The Smallwood Trust

Between December 2020 and May 2021 we are delivered a project that was designed to help visually impaired women to improve their financial literacy and money management skills. It was made possible by a grant from the Covid-19 Frontline Women’s Fund. This is jointly financed by the Smallwood Trust and the Lottery Community Fund. We were delighted to be working with the Smallwood Trust because they have been helping women on low incomes since 1886, which is more than 130 years ago. 

The Smallwood Trust’s mission is to enable women to become financially resilient by equipping them with the skills they need to secure a confident financial future. They provide grants to organisations like Insight Society and work with selected partners to help women overcome financial adversity and to improve their social and emotional well-being.

There are two important sections to the project:

We employed a temporary additional full-time member of staff. We will also recruited 4 additional bilingual volunteers. The grant paid the volunteer’s expenses and training costs and for DBS Disclosures. These additional human resources enabled us to significantly increase the number of home visits that we could make to our Service Users across Birmingham and the Black Country. Our staff, volunteers and directors were often the only people from outside their families that our Service Users meet regularly. Having someone to talk to in confidence about their health, welfare and personal finances was especially important to their financial resilience.

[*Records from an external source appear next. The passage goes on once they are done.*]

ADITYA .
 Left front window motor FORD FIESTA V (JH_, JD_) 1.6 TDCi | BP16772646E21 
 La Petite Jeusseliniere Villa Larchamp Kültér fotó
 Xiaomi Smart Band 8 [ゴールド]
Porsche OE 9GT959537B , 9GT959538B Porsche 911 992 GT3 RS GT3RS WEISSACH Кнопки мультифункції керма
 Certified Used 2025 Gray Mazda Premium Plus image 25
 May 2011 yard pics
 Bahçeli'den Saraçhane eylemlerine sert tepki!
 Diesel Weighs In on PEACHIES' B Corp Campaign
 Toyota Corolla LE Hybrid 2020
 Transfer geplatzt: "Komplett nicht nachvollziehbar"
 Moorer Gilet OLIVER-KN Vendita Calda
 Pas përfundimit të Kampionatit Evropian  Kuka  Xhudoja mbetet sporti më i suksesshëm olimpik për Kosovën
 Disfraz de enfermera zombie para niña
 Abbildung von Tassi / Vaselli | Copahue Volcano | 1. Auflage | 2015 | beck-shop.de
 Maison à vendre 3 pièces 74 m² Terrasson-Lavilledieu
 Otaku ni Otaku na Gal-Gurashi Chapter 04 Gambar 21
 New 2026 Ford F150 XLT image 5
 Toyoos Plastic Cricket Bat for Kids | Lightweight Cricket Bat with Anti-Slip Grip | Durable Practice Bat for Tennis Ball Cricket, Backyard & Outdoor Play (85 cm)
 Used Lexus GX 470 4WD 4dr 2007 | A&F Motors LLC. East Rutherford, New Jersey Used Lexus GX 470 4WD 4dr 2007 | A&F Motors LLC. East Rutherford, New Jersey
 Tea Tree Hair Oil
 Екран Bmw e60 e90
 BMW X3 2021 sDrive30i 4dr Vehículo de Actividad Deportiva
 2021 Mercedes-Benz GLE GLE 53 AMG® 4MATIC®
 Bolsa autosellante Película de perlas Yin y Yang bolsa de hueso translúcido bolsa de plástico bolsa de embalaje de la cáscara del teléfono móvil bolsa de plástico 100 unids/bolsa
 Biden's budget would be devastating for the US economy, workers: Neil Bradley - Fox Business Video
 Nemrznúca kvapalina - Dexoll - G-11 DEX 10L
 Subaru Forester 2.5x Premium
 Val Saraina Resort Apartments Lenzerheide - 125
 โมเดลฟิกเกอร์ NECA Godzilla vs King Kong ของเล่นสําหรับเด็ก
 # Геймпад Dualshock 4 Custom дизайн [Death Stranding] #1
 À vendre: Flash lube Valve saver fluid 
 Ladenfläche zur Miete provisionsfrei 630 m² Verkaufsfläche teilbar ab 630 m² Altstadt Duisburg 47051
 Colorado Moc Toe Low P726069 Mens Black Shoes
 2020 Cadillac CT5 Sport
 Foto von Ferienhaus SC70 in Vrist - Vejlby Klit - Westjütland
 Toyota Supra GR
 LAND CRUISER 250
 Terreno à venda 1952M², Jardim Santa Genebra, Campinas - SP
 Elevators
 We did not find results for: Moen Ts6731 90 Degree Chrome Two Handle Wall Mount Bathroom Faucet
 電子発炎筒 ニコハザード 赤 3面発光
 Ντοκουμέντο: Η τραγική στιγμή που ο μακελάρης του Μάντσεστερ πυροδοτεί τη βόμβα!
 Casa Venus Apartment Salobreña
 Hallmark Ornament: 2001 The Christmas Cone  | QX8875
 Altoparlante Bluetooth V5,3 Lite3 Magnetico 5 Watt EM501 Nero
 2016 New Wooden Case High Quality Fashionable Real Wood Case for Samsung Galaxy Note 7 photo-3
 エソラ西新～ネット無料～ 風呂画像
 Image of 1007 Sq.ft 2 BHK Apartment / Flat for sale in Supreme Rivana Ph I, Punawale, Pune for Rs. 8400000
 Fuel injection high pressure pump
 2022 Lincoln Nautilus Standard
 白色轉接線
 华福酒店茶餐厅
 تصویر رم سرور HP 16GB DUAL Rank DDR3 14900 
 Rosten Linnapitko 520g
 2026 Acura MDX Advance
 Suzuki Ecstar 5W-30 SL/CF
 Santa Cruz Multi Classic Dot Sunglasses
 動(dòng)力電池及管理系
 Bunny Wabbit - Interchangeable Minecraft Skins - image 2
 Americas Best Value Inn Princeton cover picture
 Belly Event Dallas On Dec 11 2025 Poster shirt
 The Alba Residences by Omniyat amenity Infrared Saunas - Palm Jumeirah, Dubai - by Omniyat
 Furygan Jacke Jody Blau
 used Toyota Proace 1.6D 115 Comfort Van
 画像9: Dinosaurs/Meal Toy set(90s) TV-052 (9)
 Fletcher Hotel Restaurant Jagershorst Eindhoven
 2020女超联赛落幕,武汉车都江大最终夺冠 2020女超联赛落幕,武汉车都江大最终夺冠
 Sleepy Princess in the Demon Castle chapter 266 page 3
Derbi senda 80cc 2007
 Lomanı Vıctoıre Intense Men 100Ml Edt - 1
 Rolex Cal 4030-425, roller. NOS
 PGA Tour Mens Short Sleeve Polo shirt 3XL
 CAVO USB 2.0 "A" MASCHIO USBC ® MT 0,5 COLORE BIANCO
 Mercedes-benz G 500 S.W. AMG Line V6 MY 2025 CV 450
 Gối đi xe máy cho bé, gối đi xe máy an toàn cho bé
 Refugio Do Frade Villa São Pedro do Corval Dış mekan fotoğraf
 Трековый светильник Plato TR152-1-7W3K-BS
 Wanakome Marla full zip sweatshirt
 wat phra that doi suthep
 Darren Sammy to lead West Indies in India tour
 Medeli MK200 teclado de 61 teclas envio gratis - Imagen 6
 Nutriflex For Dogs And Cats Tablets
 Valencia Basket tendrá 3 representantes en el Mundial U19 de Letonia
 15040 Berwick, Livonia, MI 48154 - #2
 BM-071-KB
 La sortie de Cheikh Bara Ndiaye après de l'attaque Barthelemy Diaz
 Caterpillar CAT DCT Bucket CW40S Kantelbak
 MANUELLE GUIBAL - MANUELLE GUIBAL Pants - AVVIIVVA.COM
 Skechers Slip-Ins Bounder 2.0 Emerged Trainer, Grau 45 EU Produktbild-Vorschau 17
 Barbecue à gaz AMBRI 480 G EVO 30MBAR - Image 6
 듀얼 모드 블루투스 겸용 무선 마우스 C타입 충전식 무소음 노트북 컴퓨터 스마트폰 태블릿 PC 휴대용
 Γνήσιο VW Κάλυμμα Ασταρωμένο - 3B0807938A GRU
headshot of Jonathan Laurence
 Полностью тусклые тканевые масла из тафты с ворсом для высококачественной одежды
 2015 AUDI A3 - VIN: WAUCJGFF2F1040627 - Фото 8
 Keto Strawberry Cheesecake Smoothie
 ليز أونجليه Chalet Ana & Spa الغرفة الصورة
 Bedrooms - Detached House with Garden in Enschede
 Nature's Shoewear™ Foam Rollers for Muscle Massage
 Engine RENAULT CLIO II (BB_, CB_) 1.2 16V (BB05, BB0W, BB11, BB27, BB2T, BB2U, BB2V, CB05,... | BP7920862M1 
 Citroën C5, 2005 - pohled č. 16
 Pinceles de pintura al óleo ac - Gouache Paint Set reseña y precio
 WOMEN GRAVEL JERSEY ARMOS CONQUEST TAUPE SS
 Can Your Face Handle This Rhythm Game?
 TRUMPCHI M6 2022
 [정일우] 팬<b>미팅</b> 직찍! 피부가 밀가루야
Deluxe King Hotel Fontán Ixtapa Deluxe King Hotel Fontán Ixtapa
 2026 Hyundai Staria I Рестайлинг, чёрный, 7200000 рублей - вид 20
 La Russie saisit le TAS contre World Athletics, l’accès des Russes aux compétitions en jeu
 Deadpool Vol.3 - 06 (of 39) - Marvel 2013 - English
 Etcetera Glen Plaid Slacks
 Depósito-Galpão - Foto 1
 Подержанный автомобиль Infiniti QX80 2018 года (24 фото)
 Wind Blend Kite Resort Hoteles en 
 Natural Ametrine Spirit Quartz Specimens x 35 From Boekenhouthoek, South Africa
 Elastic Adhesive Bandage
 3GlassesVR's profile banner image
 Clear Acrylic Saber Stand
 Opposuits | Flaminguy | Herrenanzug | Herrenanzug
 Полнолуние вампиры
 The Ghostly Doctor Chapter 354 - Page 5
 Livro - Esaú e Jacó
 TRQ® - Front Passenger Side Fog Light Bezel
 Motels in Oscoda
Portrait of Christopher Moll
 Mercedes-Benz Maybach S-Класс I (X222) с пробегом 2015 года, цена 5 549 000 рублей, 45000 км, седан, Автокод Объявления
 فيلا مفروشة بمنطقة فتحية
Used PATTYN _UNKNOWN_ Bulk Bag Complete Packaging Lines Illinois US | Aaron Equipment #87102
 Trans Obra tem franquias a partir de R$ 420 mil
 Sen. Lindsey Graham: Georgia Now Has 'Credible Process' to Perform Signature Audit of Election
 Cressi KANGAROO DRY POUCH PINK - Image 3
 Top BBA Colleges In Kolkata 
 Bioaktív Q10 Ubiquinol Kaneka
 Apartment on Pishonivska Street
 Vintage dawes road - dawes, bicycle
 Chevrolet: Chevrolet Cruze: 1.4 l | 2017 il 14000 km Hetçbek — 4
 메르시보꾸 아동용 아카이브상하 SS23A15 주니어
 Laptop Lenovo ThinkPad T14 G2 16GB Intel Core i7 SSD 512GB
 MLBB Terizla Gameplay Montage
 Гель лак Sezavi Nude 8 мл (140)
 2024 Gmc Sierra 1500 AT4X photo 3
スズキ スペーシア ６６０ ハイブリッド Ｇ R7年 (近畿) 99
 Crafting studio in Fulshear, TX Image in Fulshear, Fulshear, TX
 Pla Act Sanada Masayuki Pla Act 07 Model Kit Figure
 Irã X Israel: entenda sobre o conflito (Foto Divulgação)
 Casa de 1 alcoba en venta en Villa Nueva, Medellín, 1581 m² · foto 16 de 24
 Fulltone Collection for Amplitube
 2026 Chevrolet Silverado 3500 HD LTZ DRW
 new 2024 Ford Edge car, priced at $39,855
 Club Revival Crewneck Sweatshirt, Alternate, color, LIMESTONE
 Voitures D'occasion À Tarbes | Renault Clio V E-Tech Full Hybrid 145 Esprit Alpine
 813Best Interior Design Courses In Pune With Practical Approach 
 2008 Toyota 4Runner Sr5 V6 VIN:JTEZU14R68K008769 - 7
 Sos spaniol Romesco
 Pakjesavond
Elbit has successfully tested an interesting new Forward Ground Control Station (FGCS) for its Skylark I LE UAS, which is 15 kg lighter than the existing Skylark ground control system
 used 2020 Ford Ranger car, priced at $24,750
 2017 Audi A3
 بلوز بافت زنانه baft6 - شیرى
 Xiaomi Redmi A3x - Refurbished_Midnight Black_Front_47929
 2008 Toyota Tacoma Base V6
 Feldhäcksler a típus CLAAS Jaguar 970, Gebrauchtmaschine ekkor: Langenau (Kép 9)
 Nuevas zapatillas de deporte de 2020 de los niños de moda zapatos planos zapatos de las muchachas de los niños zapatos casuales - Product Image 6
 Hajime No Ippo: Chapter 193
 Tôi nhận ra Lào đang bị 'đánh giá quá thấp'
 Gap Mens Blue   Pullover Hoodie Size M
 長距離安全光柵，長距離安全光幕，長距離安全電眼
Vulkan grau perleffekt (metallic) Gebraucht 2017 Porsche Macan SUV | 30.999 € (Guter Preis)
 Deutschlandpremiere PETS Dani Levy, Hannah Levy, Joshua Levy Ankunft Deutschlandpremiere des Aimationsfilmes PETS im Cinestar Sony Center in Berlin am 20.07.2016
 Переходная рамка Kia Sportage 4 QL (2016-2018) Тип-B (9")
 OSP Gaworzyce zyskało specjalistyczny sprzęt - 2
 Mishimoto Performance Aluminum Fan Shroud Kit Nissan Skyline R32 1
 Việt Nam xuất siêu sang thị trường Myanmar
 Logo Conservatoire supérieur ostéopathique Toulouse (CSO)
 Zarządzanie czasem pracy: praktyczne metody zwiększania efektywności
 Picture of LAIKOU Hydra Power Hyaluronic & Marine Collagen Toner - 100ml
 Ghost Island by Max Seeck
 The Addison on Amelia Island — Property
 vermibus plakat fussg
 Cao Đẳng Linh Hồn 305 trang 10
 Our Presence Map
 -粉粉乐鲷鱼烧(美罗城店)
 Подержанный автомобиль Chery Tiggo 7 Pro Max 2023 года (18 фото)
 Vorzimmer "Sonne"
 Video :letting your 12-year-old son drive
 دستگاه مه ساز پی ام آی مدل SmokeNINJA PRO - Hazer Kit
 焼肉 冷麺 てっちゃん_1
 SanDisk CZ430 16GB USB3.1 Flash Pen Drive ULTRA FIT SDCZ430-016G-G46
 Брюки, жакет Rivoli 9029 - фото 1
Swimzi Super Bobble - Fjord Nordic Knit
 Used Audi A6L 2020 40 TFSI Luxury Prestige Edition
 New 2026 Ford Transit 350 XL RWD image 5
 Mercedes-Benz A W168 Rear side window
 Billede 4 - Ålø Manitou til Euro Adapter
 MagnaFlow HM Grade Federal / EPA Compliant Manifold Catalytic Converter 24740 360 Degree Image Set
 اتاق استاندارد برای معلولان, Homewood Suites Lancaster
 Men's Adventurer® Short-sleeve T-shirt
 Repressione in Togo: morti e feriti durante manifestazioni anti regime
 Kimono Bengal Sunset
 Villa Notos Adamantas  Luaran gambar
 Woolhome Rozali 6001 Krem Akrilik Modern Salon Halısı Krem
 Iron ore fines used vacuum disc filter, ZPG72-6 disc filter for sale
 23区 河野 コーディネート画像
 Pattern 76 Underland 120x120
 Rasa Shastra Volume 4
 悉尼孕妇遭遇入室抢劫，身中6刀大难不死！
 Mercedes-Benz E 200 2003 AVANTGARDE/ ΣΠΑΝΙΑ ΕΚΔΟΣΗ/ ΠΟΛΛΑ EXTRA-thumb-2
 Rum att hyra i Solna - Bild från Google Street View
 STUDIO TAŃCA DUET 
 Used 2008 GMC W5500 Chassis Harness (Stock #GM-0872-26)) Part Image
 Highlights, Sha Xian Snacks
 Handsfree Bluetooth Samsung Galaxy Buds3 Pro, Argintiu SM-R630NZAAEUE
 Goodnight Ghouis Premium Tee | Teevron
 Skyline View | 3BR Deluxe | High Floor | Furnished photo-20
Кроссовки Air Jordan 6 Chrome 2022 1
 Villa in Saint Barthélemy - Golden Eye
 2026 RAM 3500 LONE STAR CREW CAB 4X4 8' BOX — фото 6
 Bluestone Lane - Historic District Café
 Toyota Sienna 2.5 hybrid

In view of this trend towards social media, part of the project includes appointing a firm of Social Media consultants to assist us to produce a strategy for supporting our Service Users online including a new web site.

The directors of Insight Society were aware that the company need to develop social media-based ways of communicating with our Service Users and to roll these out rapidly. While there is no substitute for a personal visitor the growing number of Service Users needed more support from Insight Society than home visits alone could provide.